==== RECORDS

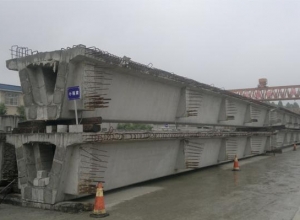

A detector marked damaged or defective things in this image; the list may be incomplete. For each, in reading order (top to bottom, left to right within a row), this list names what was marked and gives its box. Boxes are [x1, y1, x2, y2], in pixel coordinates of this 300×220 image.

damaged concrete structure [4, 45, 300, 206]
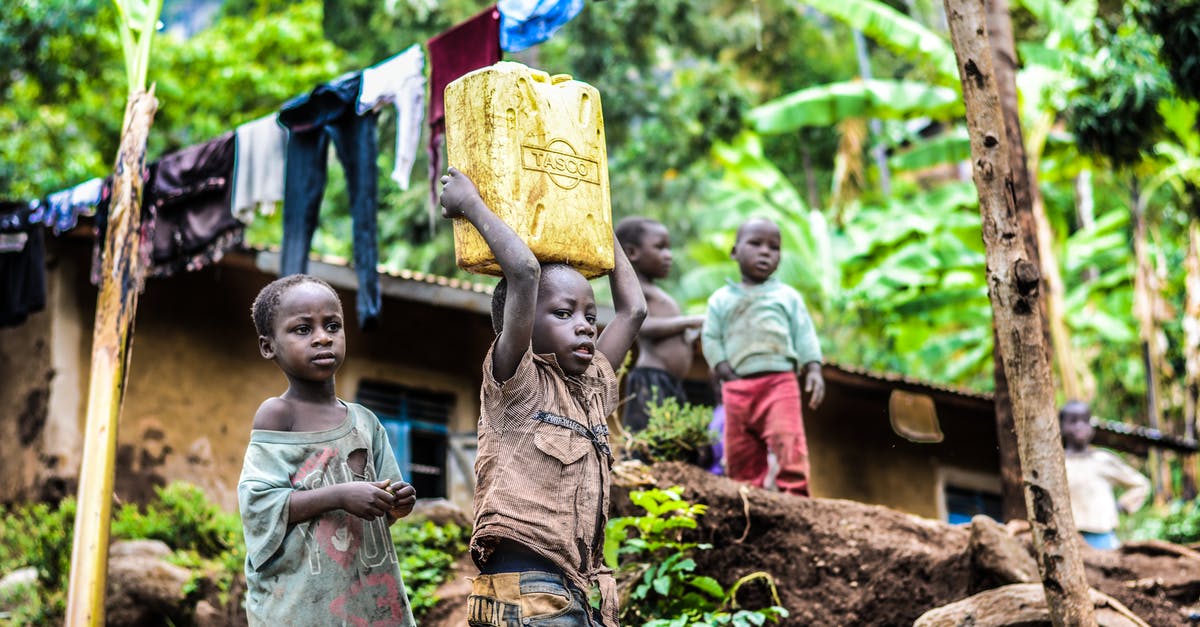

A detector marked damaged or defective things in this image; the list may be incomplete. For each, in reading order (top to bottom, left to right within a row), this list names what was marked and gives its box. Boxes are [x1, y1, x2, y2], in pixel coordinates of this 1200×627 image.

torn clothing [239, 402, 418, 627]
torn clothing [472, 344, 620, 627]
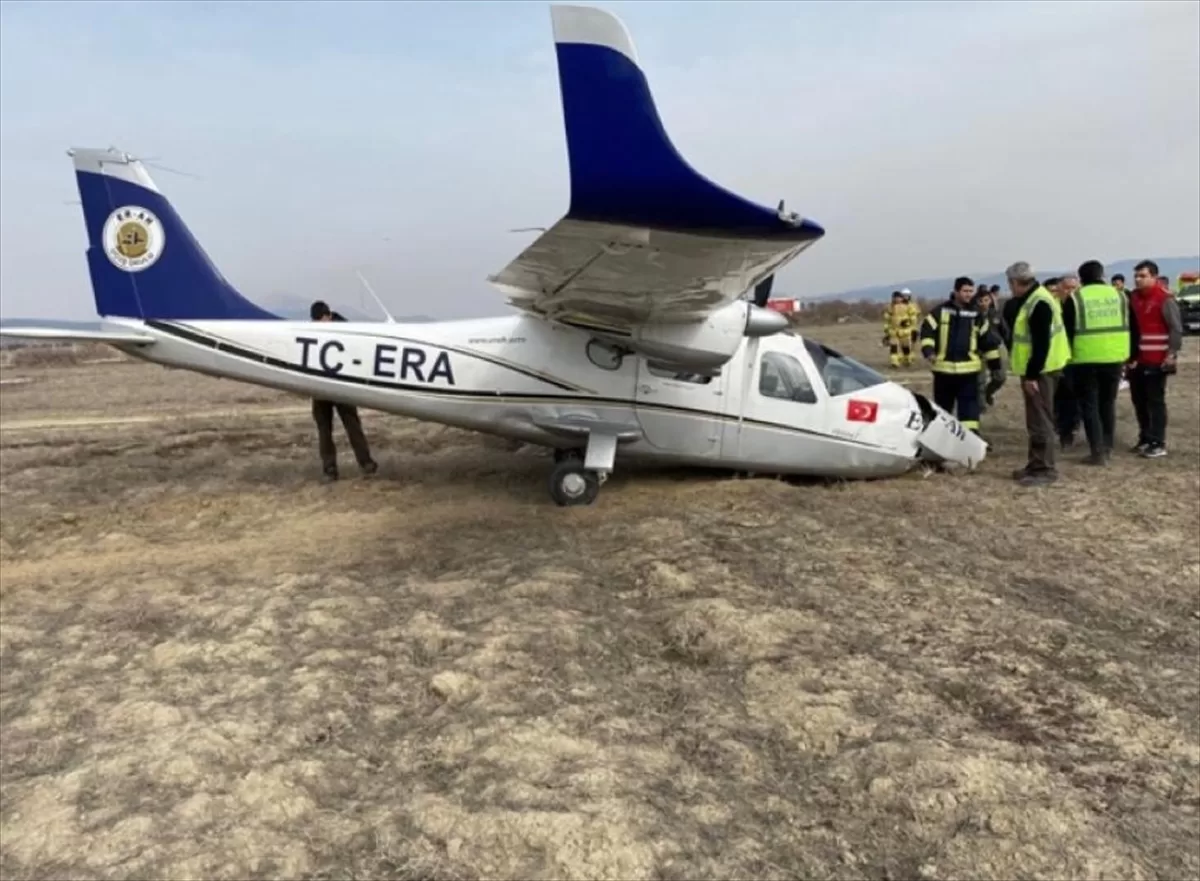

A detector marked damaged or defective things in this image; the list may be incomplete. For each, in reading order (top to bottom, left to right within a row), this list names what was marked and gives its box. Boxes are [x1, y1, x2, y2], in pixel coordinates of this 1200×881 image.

crashed small aircraft [0, 3, 984, 506]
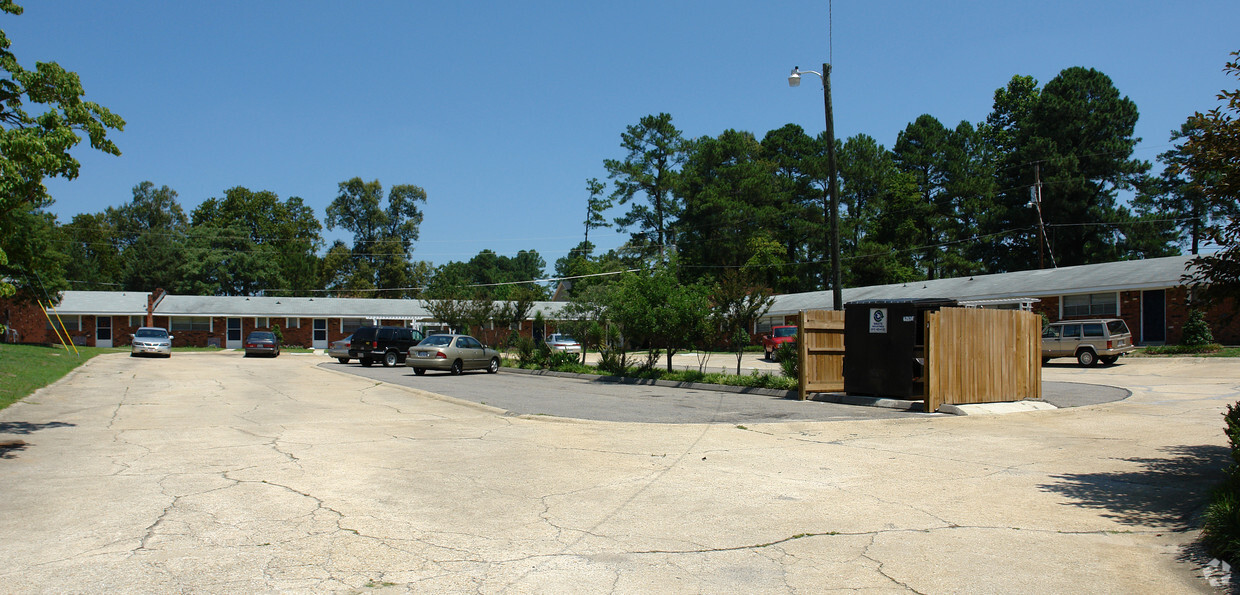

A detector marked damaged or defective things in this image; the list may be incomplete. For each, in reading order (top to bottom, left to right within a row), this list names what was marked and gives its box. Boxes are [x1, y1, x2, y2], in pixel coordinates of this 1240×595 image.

cracked asphalt pavement [0, 352, 1235, 592]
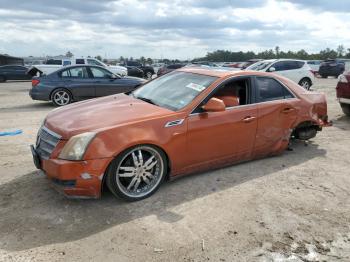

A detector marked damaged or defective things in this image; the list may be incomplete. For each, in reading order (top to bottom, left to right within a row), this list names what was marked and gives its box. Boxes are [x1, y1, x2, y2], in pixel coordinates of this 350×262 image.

damaged orange sedan [31, 68, 330, 201]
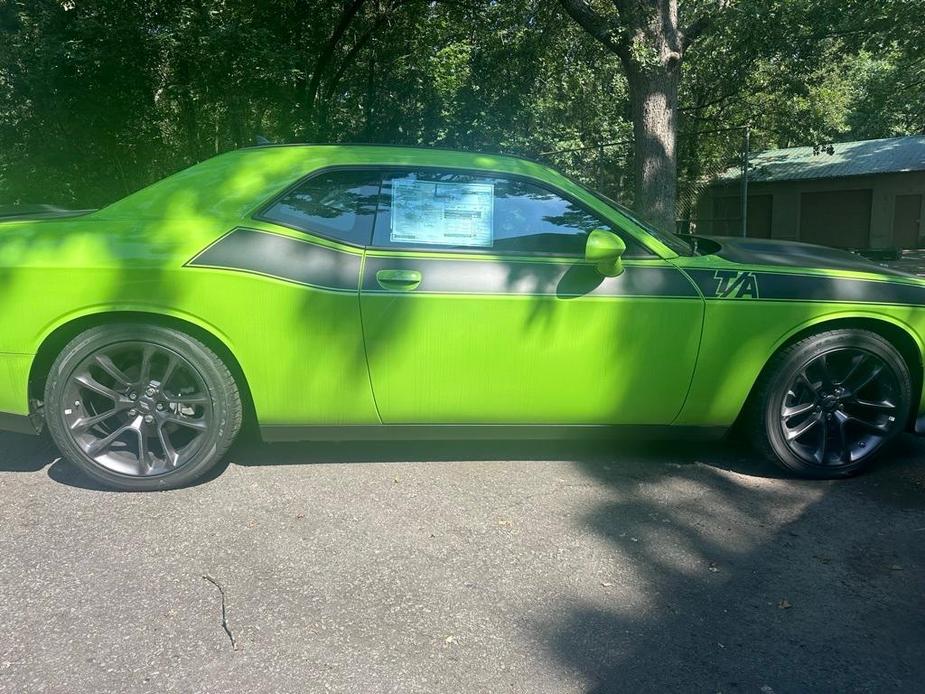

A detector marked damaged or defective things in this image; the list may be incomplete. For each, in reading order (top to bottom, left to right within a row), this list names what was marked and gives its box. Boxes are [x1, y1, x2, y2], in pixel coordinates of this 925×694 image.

crack in asphalt [202, 576, 238, 652]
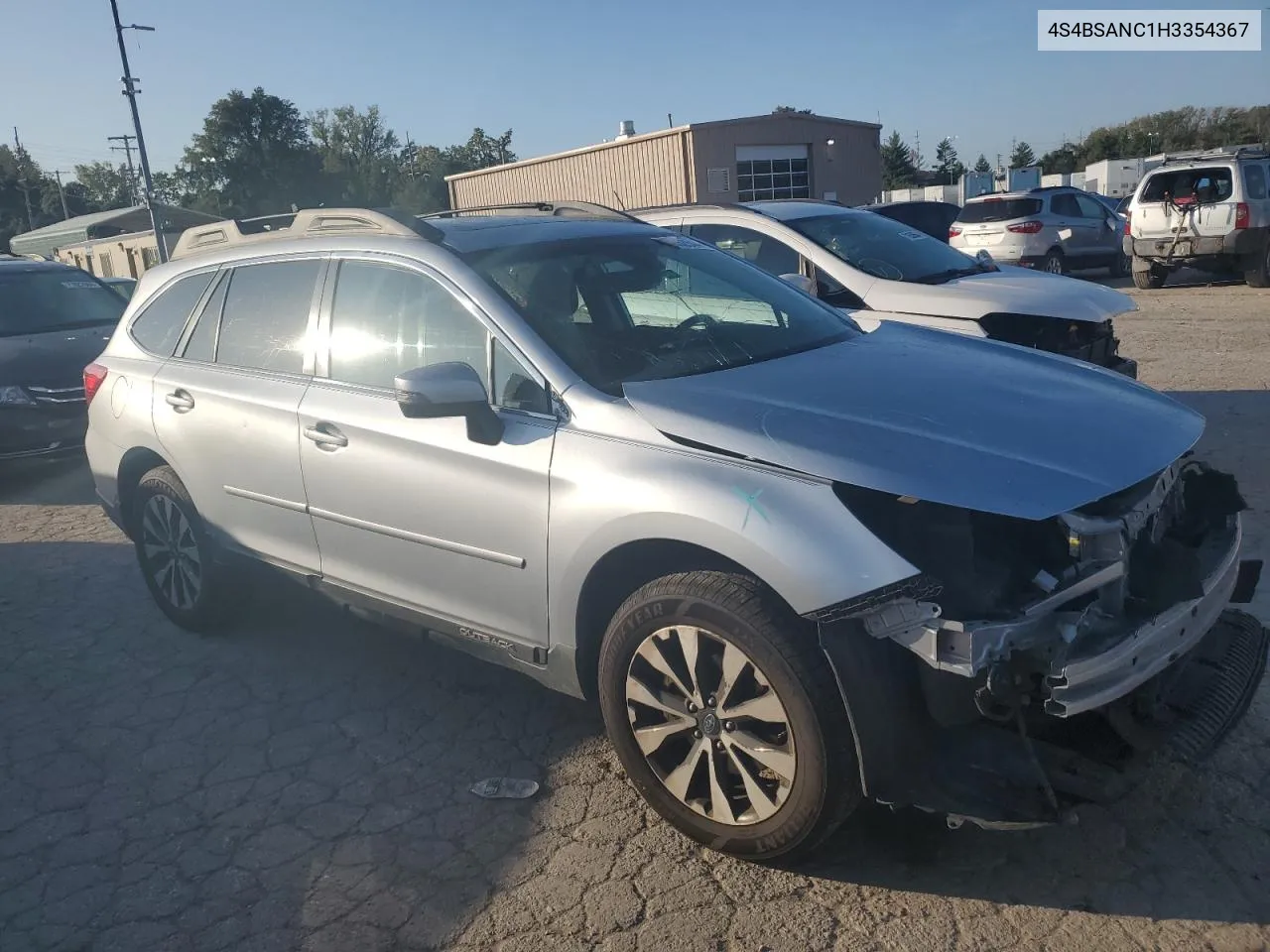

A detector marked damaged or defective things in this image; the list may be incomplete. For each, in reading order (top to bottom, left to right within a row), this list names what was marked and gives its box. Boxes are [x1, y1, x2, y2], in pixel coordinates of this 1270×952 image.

cracked pavement [2, 279, 1270, 949]
damaged white car [86, 206, 1259, 863]
damaged front end [808, 459, 1264, 832]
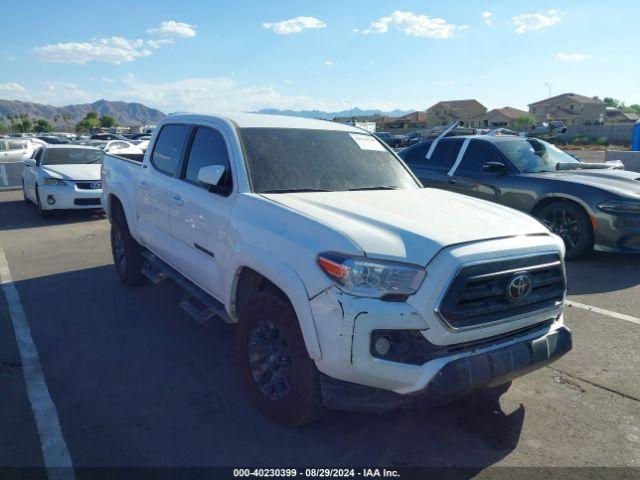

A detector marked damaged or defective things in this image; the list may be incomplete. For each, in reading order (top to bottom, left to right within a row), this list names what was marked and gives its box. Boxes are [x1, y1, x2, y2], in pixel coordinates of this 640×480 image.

cracked headlight [318, 251, 428, 300]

========

WORK INSTRUCTIONS → Without the pictures, repeat all the records word for word.

OUTPUT FOR THIS TASK →
A detector marked damaged or defective things in this image; the list may be incomplete. For each, in reading order (top to bottom, left to right within a row), this list names what was marked and gives its box. Boxes are [x1, y1, x2, y2], in pixel coordinates of this 300×220 image.

damaged concrete structure [4, 45, 300, 206]

A detector marked damaged or defective things in this image; the list may be incomplete. For each, in reading order (top to bottom, left to right within a row), this list names what was marked and gives its box. Boxes are [x1, y1, x2, y2], in pixel coordinates of this 1200×627 image.

torn clothing [239, 402, 418, 627]
torn clothing [472, 344, 620, 627]

A detector marked damaged or defective things in this image; the list may be incomplete. For each, in reading order (top to bottom, left to right within a row), this list names what was marked and gives its box. Boxes are [x1, y1, x2, y2], in pixel coordinates of this 1200×881 image.

crashed small aircraft [0, 3, 984, 506]

A detector marked damaged or defective things in this image; the list may be incomplete. For each, in reading order (top to bottom, left to right within a row), this list names what was marked and gives its box. Boxes are [x1, y1, x2, y2], in pixel coordinates of this 1240×595 image.

cracked asphalt pavement [0, 352, 1235, 592]

A detector marked damaged or defective things in this image; the list may be incomplete. For each, in reading order (top to bottom, left to right within a row), this list names what was marked and gives its box. Boxes are [x1, y1, x2, y2], in pixel coordinates of this 350×262 image.

damaged orange sedan [31, 68, 330, 201]

A detector marked damaged or defective things in this image; the list may be incomplete. For each, in reading order (top to bottom, left to right within a row), this list names what was marked and gives its box. Boxes are [x1, y1, x2, y2], in pixel coordinates of this 925×694 image.

crack in asphalt [202, 576, 238, 652]

A detector marked damaged or defective things in this image; the list may be incomplete. For each, in reading order (top to bottom, left to right within a row), this list names what was marked and gives its box. Boxes are [x1, y1, x2, y2], in pixel coordinates of this 1270×952 image.

cracked pavement [2, 279, 1270, 949]
damaged white car [86, 206, 1259, 863]
damaged front end [808, 459, 1264, 832]

A detector marked damaged or defective things in this image; the list may be incomplete. For each, in reading order (top to bottom, left to right within a row), this list names what was marked and gives its box. Boxes are [x1, y1, x2, y2], in pixel coordinates of this 640×480 image.

cracked headlight [318, 251, 428, 300]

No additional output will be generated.